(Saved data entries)
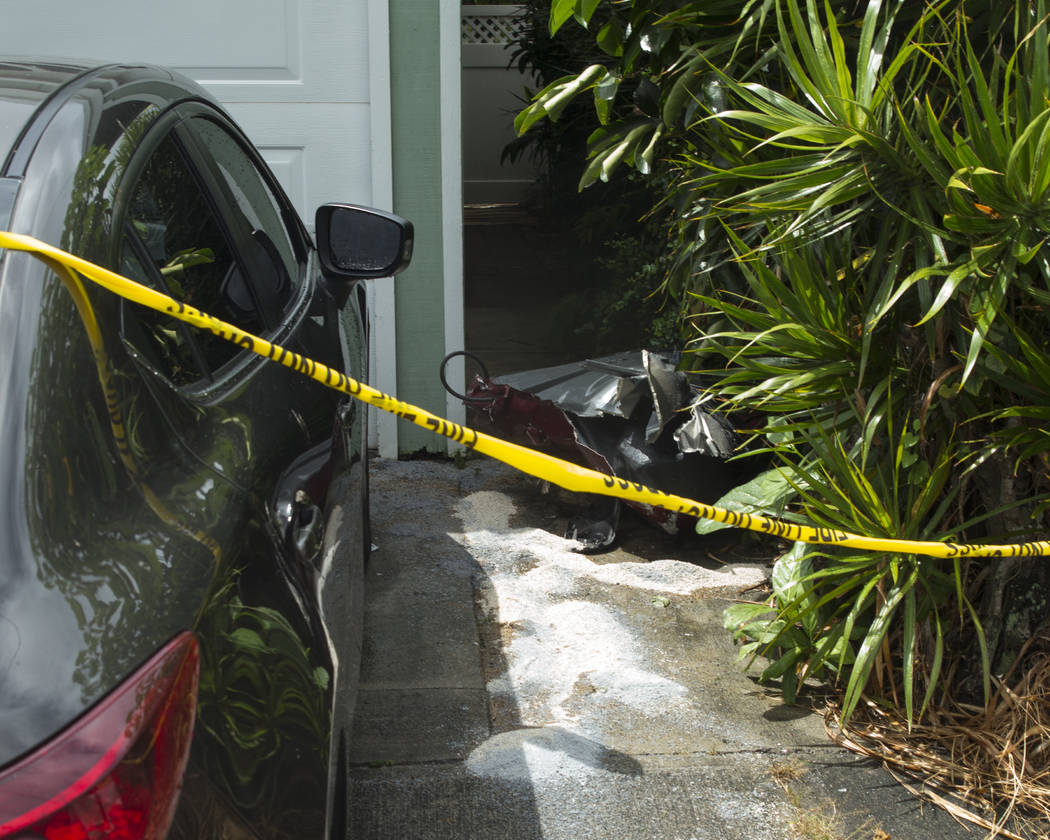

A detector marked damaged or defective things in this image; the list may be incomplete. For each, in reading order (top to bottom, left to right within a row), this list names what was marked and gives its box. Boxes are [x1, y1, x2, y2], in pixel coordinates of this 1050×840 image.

crumpled metal wreckage [442, 348, 752, 552]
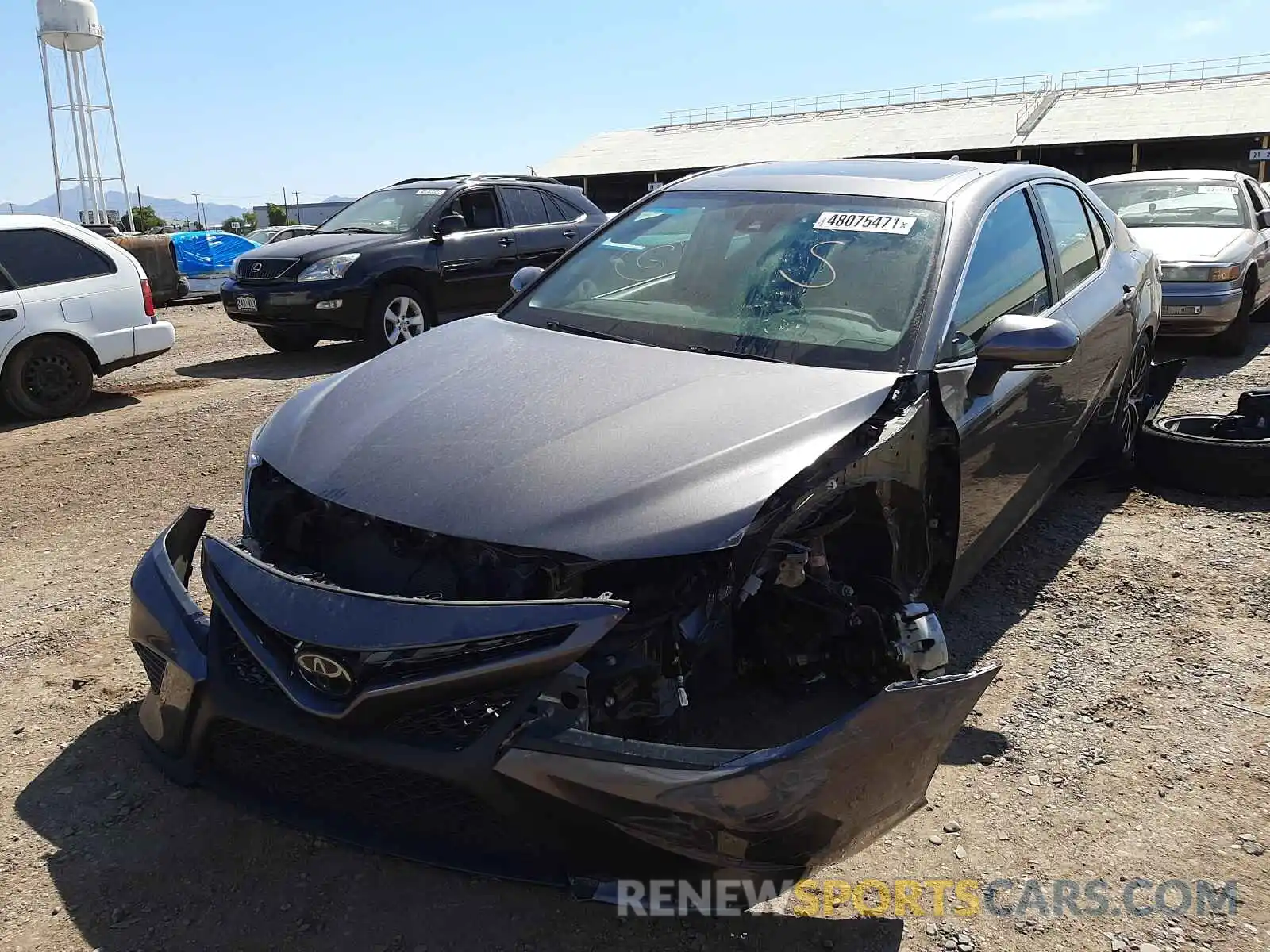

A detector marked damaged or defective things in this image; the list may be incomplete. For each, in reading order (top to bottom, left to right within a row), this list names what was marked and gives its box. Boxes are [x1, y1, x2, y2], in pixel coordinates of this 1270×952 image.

cracked windshield [513, 191, 945, 368]
crumpled hood [1133, 228, 1249, 265]
detached front bumper [1163, 282, 1239, 340]
crumpled hood [252, 317, 899, 563]
damaged front end [131, 378, 1000, 889]
detached front bumper [131, 510, 1000, 893]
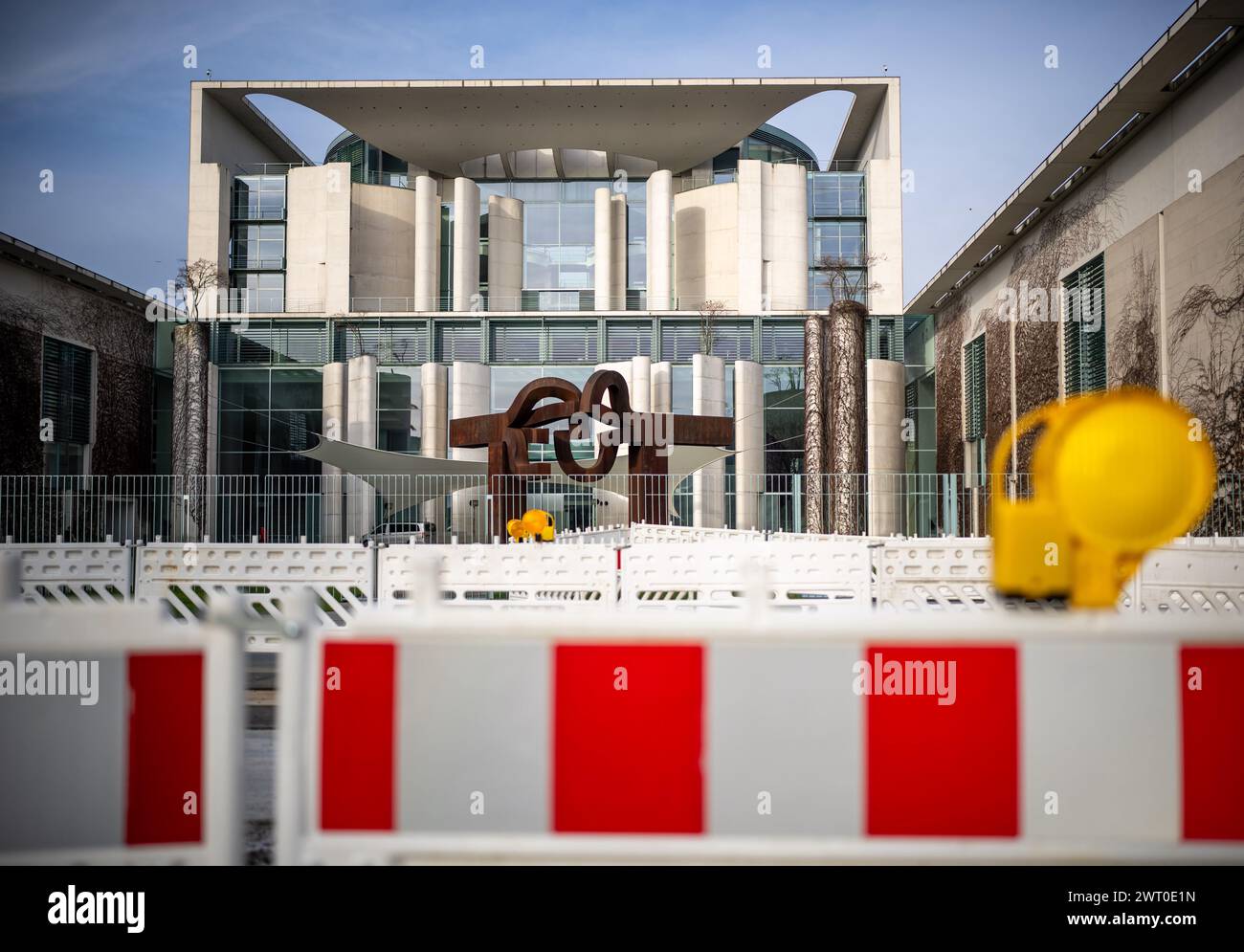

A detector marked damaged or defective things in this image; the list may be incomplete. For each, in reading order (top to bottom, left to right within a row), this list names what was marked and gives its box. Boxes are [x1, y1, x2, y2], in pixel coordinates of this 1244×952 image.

rusty metal sculpture [450, 367, 731, 537]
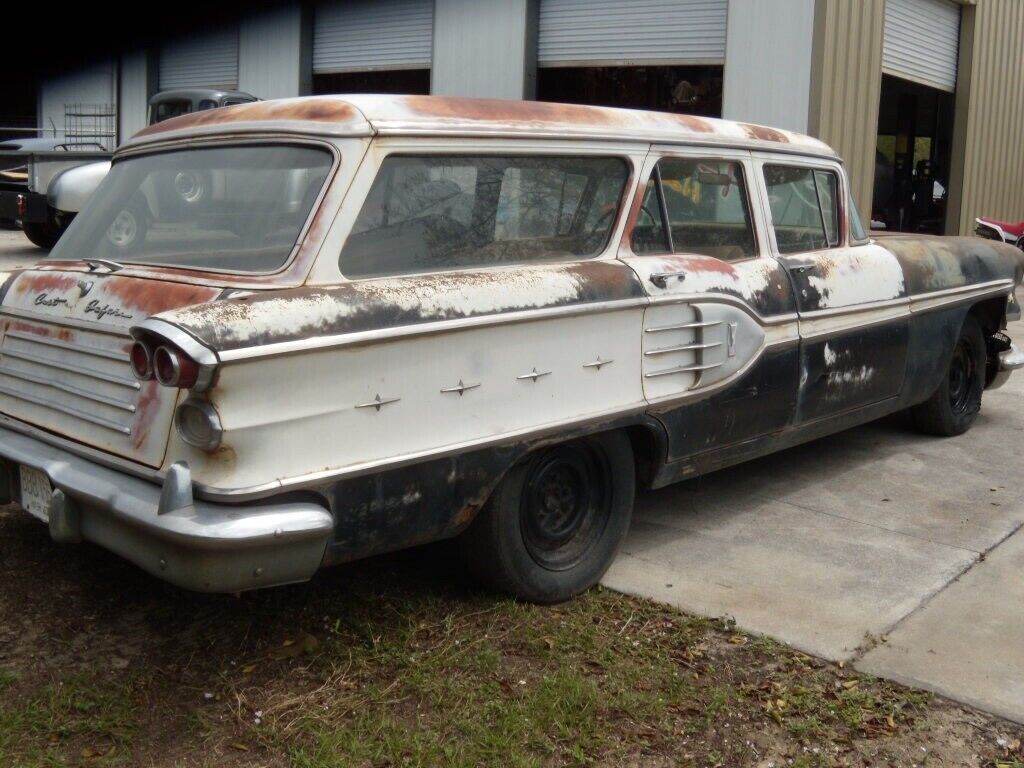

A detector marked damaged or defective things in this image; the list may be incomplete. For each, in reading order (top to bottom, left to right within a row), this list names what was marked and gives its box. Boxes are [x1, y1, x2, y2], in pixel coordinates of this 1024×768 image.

rusted paint patch [134, 97, 360, 138]
rusted roof [121, 94, 839, 157]
rusted paint patch [156, 260, 643, 354]
rusty white car body [2, 94, 1024, 602]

◆ **What you are asked to do**: Only the lines from the one containing "this 1024×768 image." through the last line of the records belong in the answer, each written out exactly.

◆ **Task output**:
A detector marked damaged or defective things in this image; the list may be incomplete. For each, in reading order (top to bottom, left to right within a row), this list names what was marked and gives its box. Boxes are [x1, y1, x2, y2], in pixel coordinates of this 1024×768 image.

rusted paint patch [134, 97, 360, 138]
rusted roof [121, 94, 839, 157]
rusted paint patch [156, 260, 643, 354]
rusty white car body [2, 94, 1024, 602]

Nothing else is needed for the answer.